The Heartbreak of Not Being Known
There was discipline, not commendation, given for Cain’s editorial skills.
I was disappointed–mostly from being misunderstood.
Why would I demand spelling perfection from Abel after all the times that I had glowed over Cain’s own mispellings? How could my children not know that the thing I longed for most was to see them loving each other, whatever they created for me?
I’ve said again and again that my greatest desire is to have a family who cares for each other and is kind and generous. Cain has known me since birth and still didn’t know what would please me.
Applying The Parable
It dawned on me that God must constantly face the same disappointment.
I’d just heard from a longtime friend, whose situation didn’t seem too different from the conflict between Cain and Abel.
This friend has committed his life to deeply understand the Greek, Hebrew and Arabic languages. His goal is to accurately translate the Bible in a way that overcomes inherent linguistic difficulties that cause Muslims to misunderstand its meaning.
He told me of critics who had characterized his work as theologically inappropriate and attacked it in inflammatory blogs. The eyes of the world seemed stirred up against him, threatening to destroy his efforts.

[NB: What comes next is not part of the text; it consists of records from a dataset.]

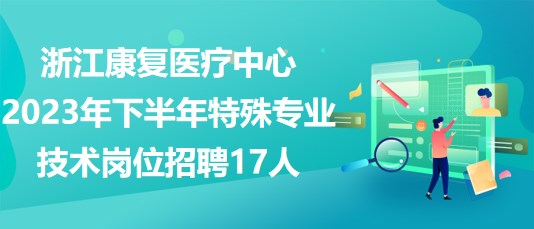 浙江康复医疗中心2023年下半年特殊专业技术岗位招聘17人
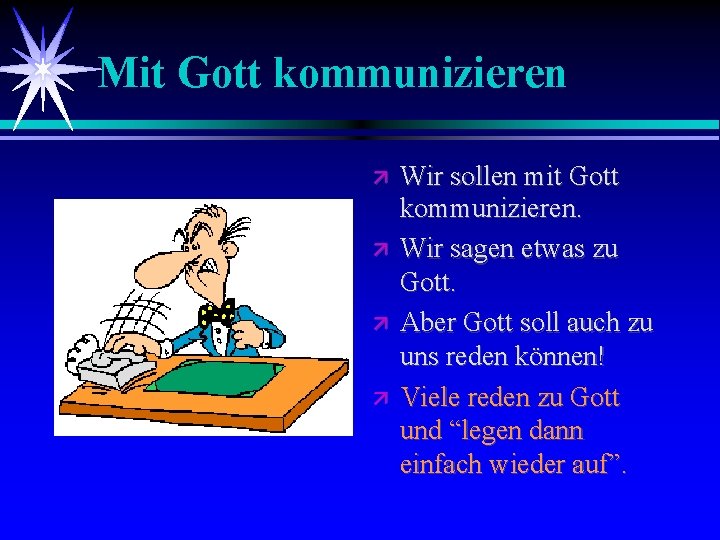 Mit Gott kommunizieren Wir sollen mit Gott kommunizieren. Wir sagen etwas zu Gott. Aber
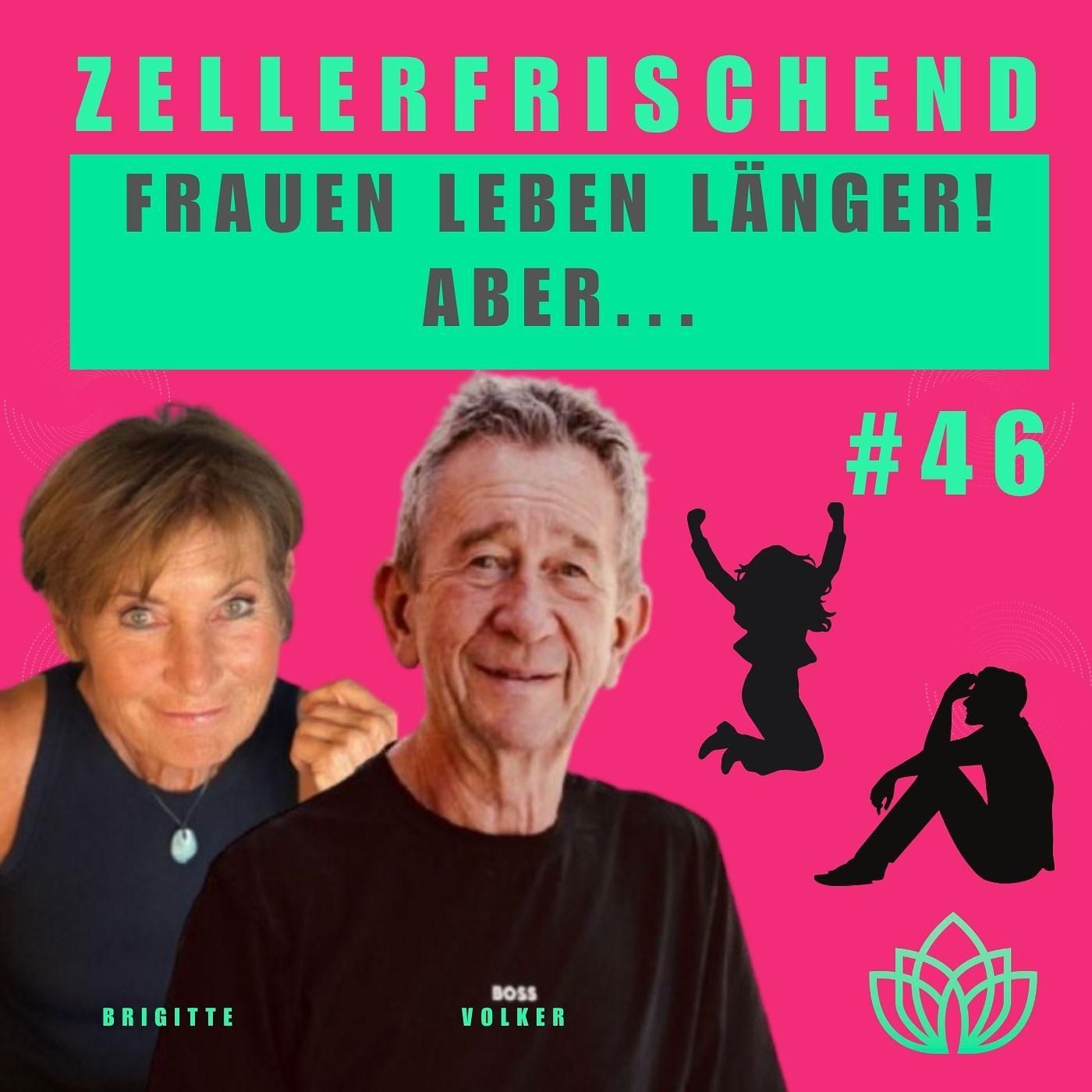 Zellerfrischend - Frauen leber länger. Aber... Das Longevity Paradox #46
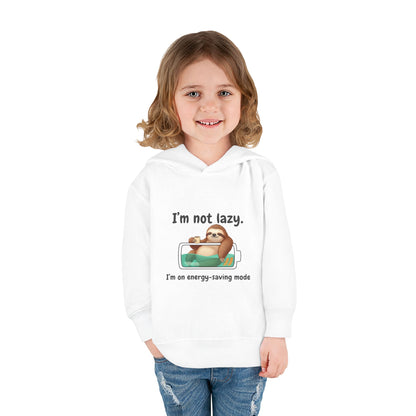 Toddler Hoodie — "I'm Not Lazy" Sloth Energy-Saving Pullover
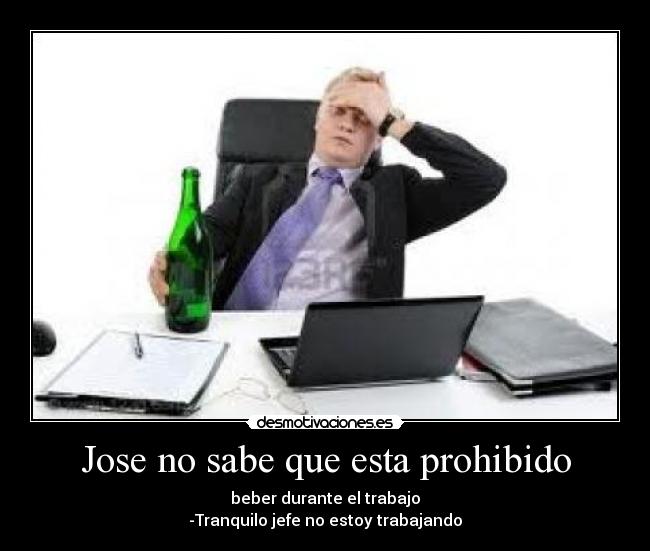 Jose no sabe que esta prohibido - beber durante el trabajo
-Tranquilo jefe no estoy trabajando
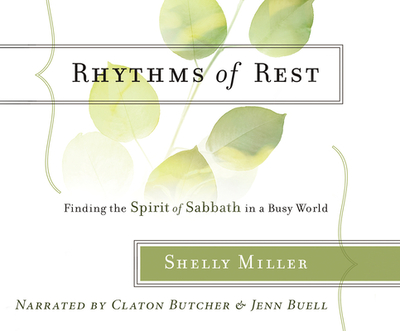 Rhythms of Rest: Finding the Spirit of Sabbath in a Busy World - Miller, Shelly, and Butcher, Claton (Read by), and Buell, Jenn (Read by)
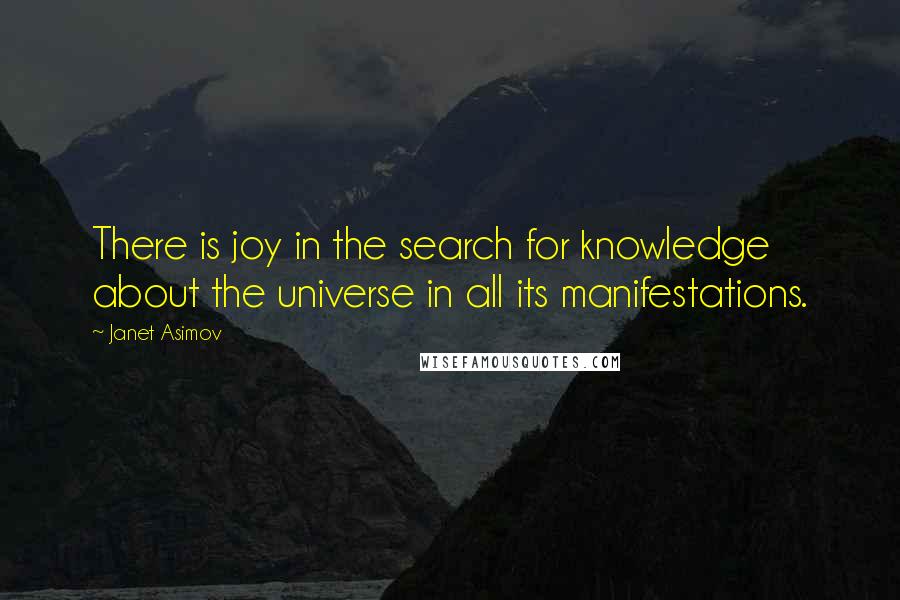 Janet Asimov Quotes: There is joy in the search for knowledge about the universe in all its manifestations.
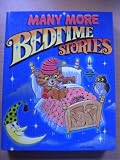 Many More Bedtime Stories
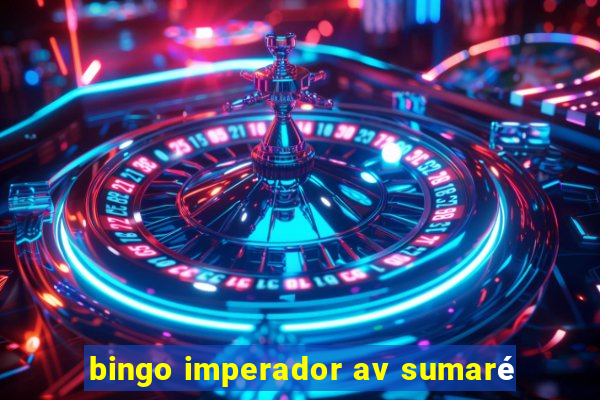 bingo imperador av sumaré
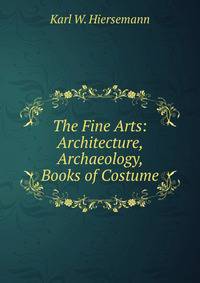 The Fine Arts: Architecture, Archaeology, Books of Costume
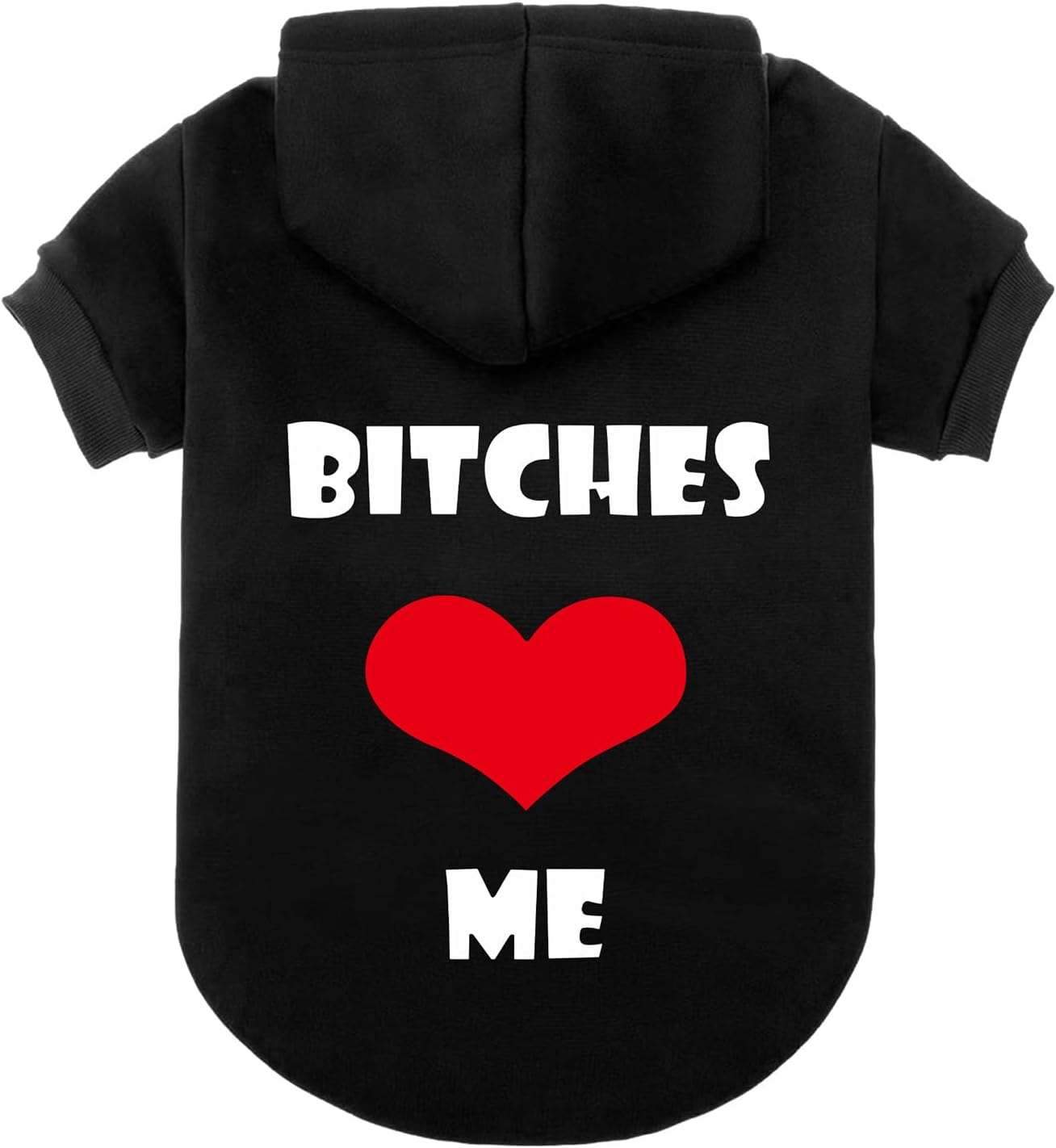 EXPAWLORER Cozy Dog Hoodie - Bitches Love ME Print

Due to the intricate, technical nature of his work, it was difficult for him to express his defense adequately to those who’d already made up their minds and condemned him. I mourned with him over what soldiers would call “friendly fire.”
The Human Condition
There’s a Muslim saying that’s frequently quoted in the West: “My brother and I against our cousin. My cousin and I against the infidel.” We repeat this as proof that Muslims are hopeless warmongers, but the sentiment closely resembles our own tendency to attack each other when lacking outside persecution.
I think it would honor God much more to encourage each other’s efforts and learn to be a gracious family.
…Oh, by the way, I misspelled the word misspellings above on purpose. Did you judge me?